By the way the installer program and most of the utilities Red Hat 
writes are in Python.  I use Python and find it about as expressive
as LISP.  It doesn't treat code as data so much of the ablility to
have programs write other programs is lost.  I also think LISP is
faster if only because it has decades to be perfected.


> I would love to see linux move to a standards compliance in the area
> of signal handling (such as Posix).  I think that they are starting
> to finally move in that direction, but of course in a non-upward-
> compatible way.  Meanwhile, our lisp can only run on those systems
> on which we have specifically configured the signal-handling to work.

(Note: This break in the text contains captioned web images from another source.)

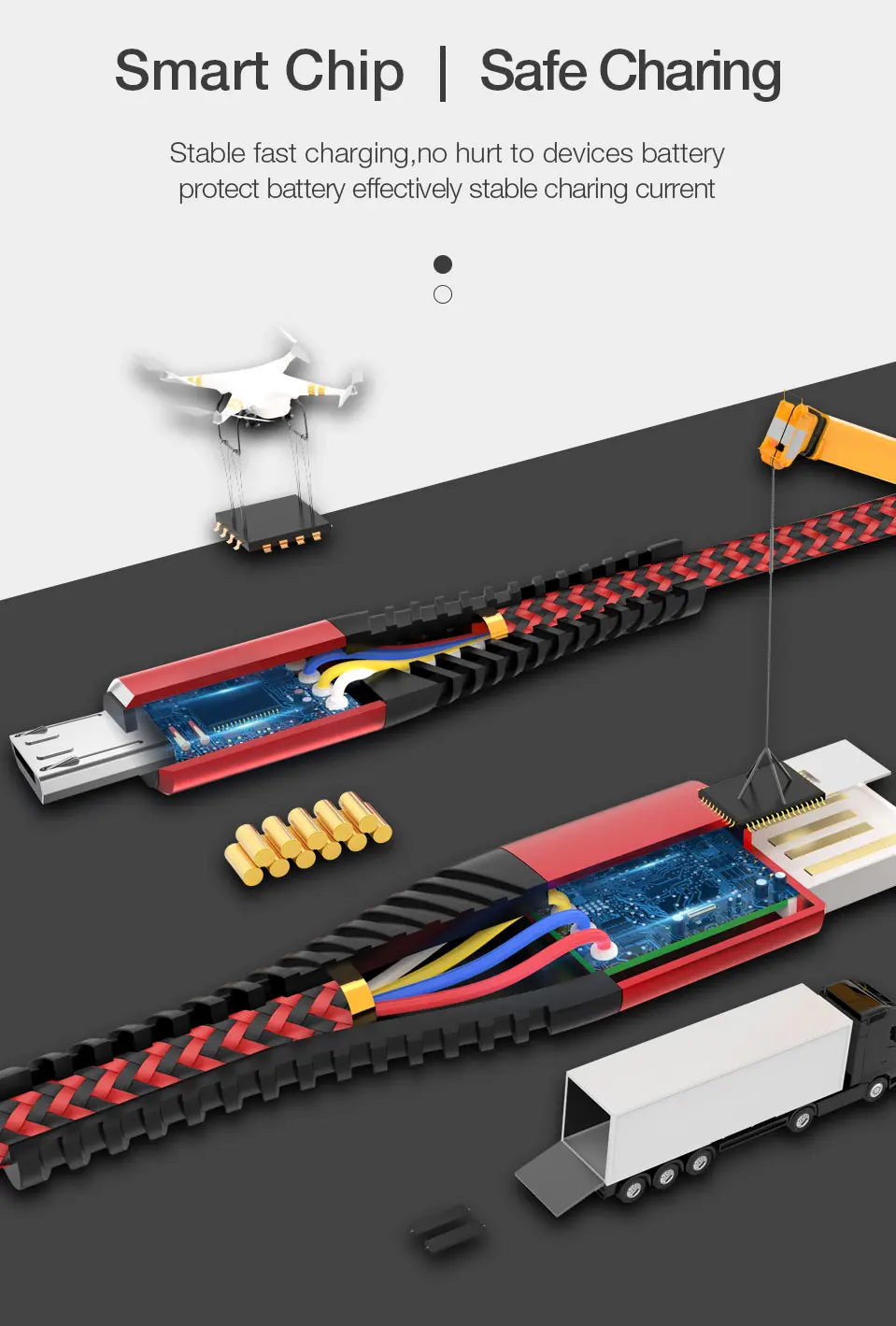 Coolreall 2.4A Micro USB кабель для быстрой зарядки USB кабель для передачи данных нейлоновый шнур синхронизации для samsung huawei Xiaomi LG Andriod Micro usb кабели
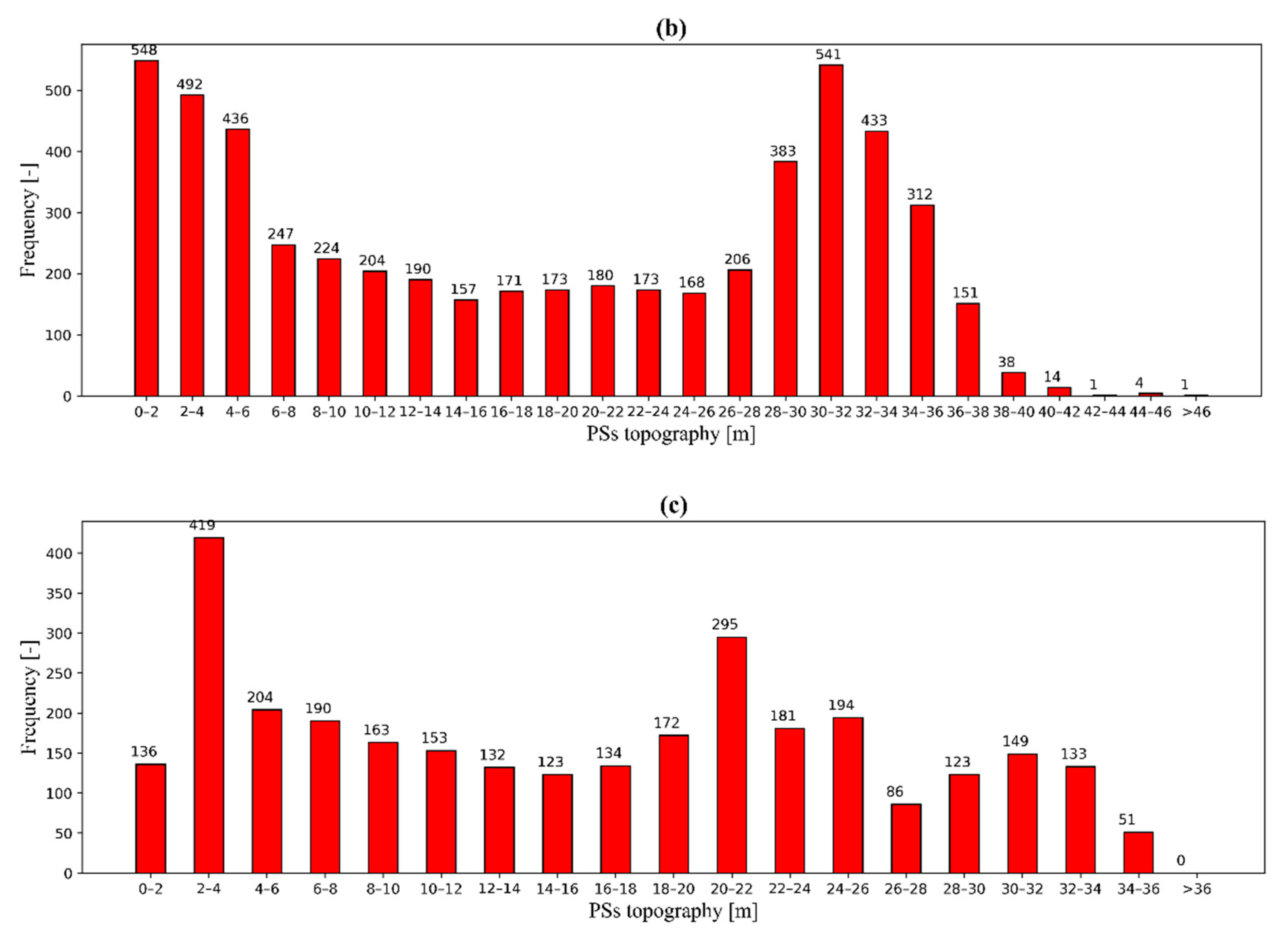 Remotesensing 14 01872 g006b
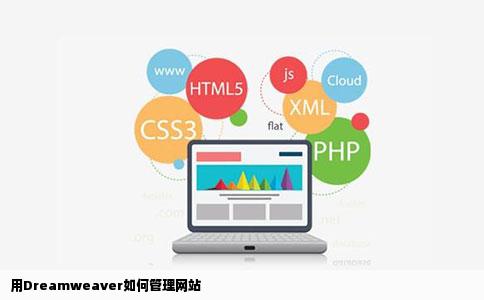 用Dreamweaver如何管理网站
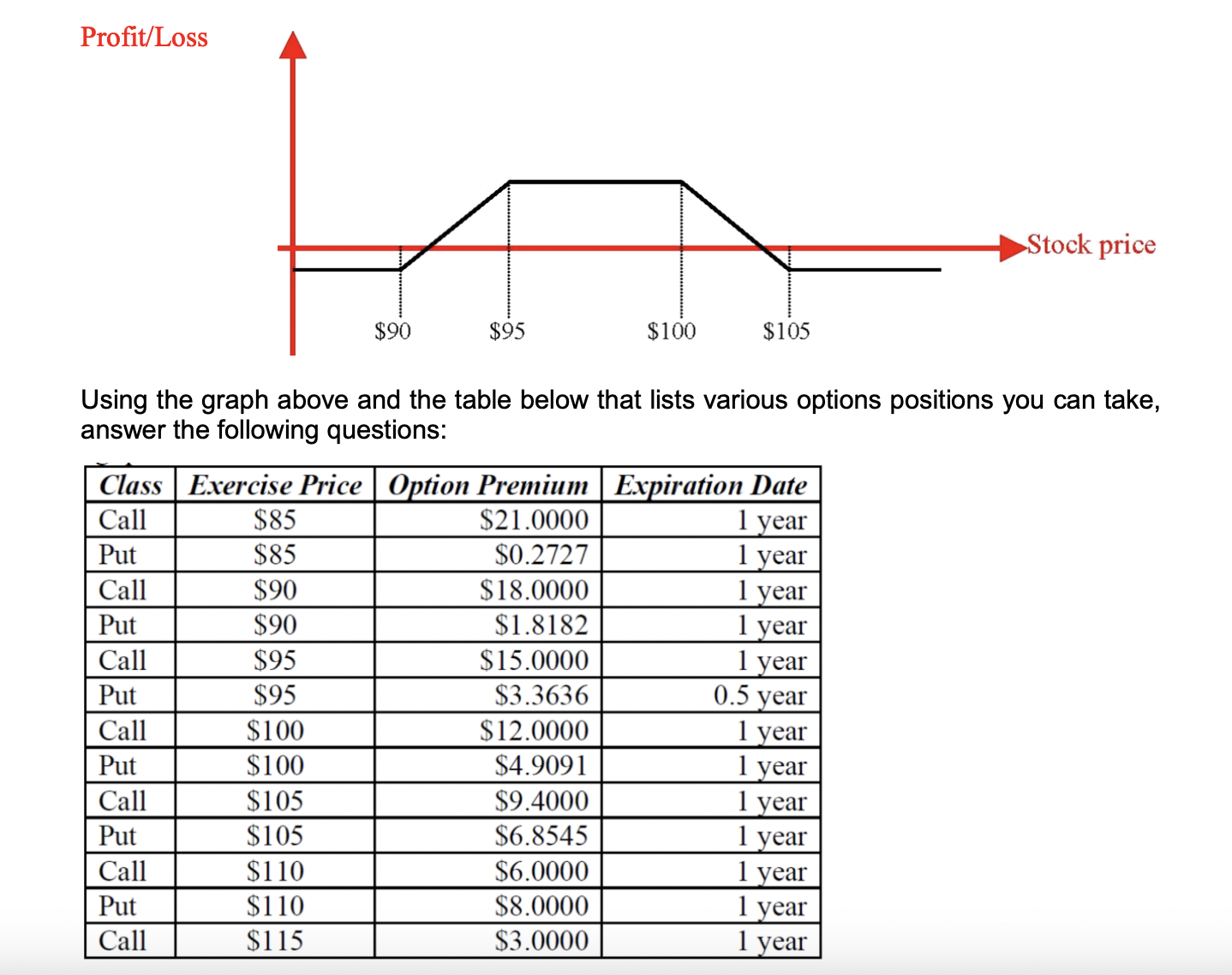  The condor is a specialised position that involves taking positions in
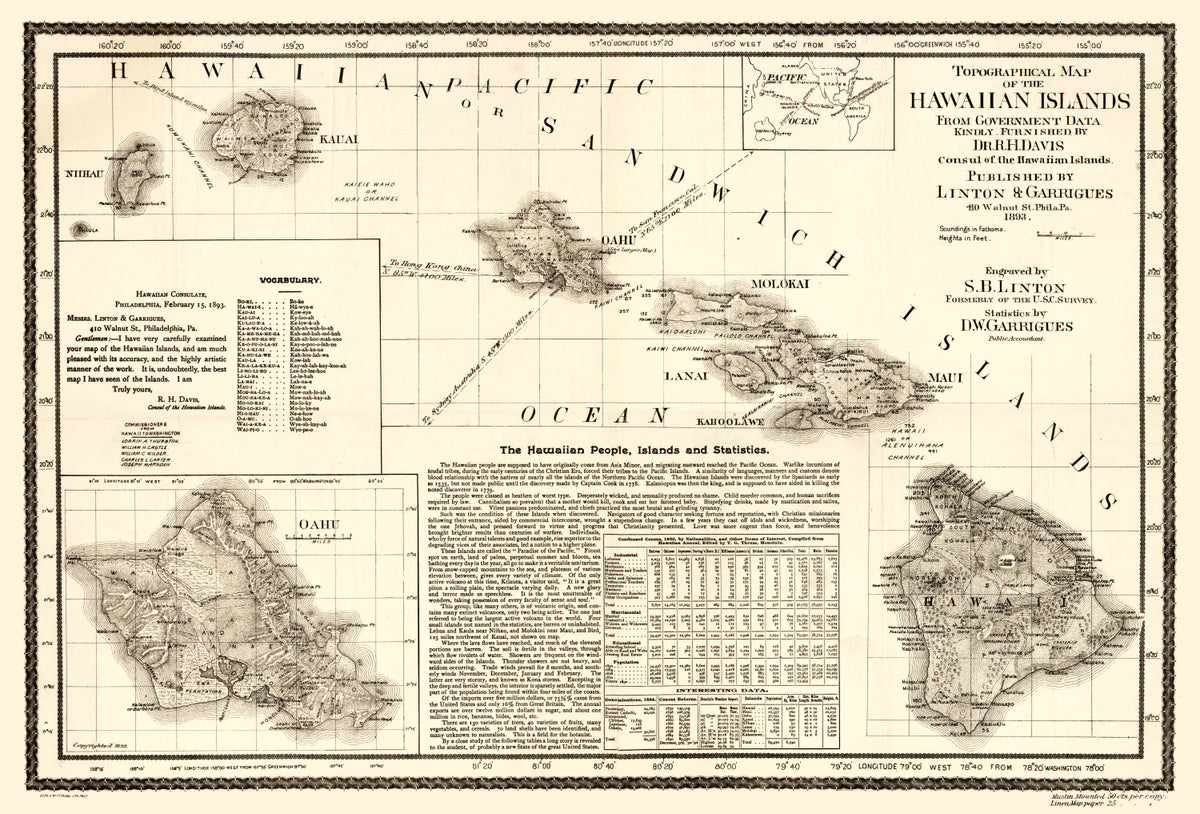 Preview of Vintage Map of Hawaii 1893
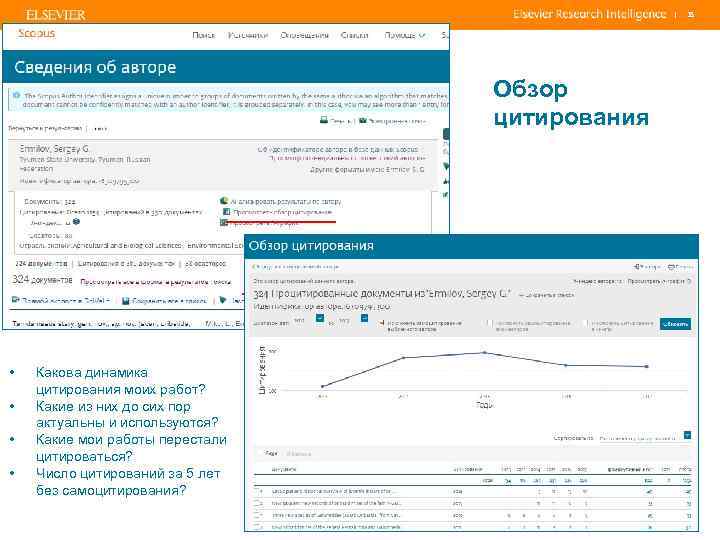 | Обзор цитирования • • Какова динамика цитирования моих работ? Какие из них до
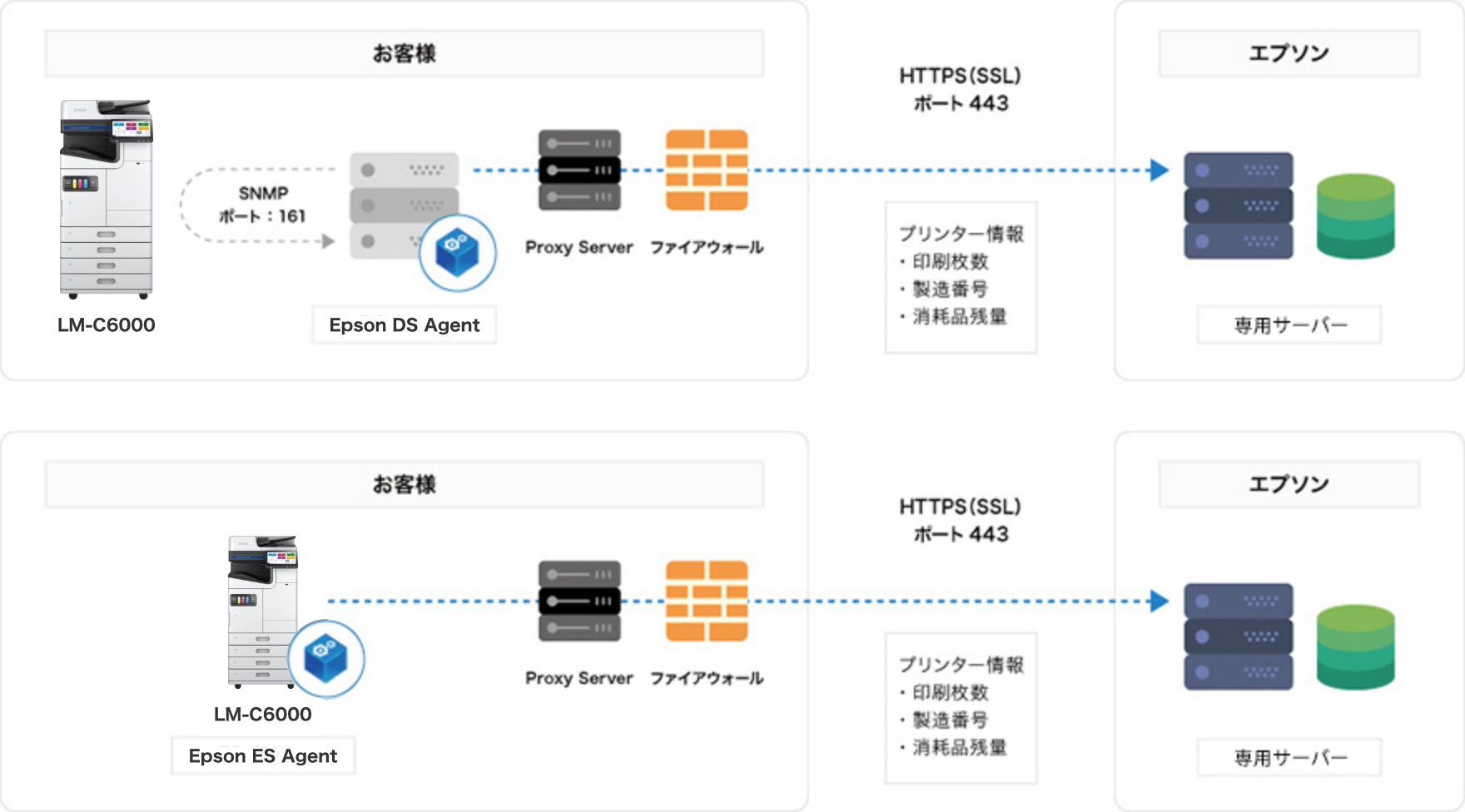 「エプソンのスマートチャージ」のリモートサービス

CLISP, CMUCL and its derivatives seem to move from distribution to
distribution quite well and I use them both.  This would seem to apply
to the Red Hat and Debian distribution which cover most of the GNU/Linux
users.

-- 
Daniel E. Wilson <·······@teleport.com>

If you don't have freedom as a principle, you can never
see a reason not to make an exception.
         - Richard M. Stallman
From: Bijan Parsia
Subject: Re: Allegro 6.0 on Linux for PPC
Date: 
Message-ID: <Pine.A41.4.21L1.0106301855250.53888-100000@login0.isis.unc.edu>
On Sat, 30 Jun 2001, Daniel E. Wilson wrote:
[snip]
> By the way the installer program and most of the utilities Red Hat 
> writes are in Python.  I use Python and find it about as expressive
> as LISP.  It doesn't treat code as data so much of the ablility to
> have programs write other programs is lost.  I also think LISP is
> faster if only because it has decades to be perfected.
[snip]

Just FYI, it's also traditionally been the case that the Python VM is
optimized for simplicity and portability and *not* speed. There was a
single-person effort to produce a very high performance via heroic
compiler efforts (e.g., whole world analysis and type inference) called
Viper or Vyper but it bogged down. There wasn't a significant amount of
enthusiasm or (especially finacial) support for it from the Python
community.

How slow is the standard CPython implementation? Well, the move from
1.4.x to 1.5.x produced a 2x increase on benchmarks without a lot of
effort and no major, IIRC, architectural revision (i.e., no method cache,
no JIT). There are a lot of modules and constructs that are light
interfaces to a set of C functions so a common optimization is to try to
get just such C functions in your time-critical inner loop (writing such
if necessary).

It seems worth noting this because Python (the common
implementations) *is* slow and that doesn't seem to be a barrier for
acceptance. (Tcl has generally had slow implementations and that *does*
seem to be some sort of barrier.) I'm sure the easy C integration has been
a riposte to speed complains ("use the right tool!") but it's also true,
I'd wadger, that the *vast* majority of Python programmers don't drop down
to C all that often, and get along fine. Interesting psychology.

Cheers,
Bijan Parsia.
From: Daniel E. Wilson
Subject: Re: Allegro 6.0 on Linux for PPC
Date: 
Message-ID: <3B3ECAD7.7010603@teleport.com>
Bijan Parsia wrote:

> On Sat, 30 Jun 2001, Daniel E. Wilson wrote:
> [snip]
> 
>>By the way the installer program and most of the utilities Red Hat 
>>writes are in Python.  I use Python and find it about as expressive
>>as LISP.  It doesn't treat code as data so much of the ablility to
>>have programs write other programs is lost.  I also think LISP is
>>faster if only because it has decades to be perfected.
>>
> [snip]
>
> It seems worth noting this because Python (the common
> implementations) *is* slow and that doesn't seem to be a barrier for
> acceptance. (Tcl has generally had slow implementations and that *does*
> seem to be some sort of barrier.) I'm sure the easy C integration has been
> a riposte to speed complains ("use the right tool!") but it's also true,
> I'd wadger, that the *vast* majority of Python programmers don't drop down
> to C all that often, and get along fine. Interesting psychology.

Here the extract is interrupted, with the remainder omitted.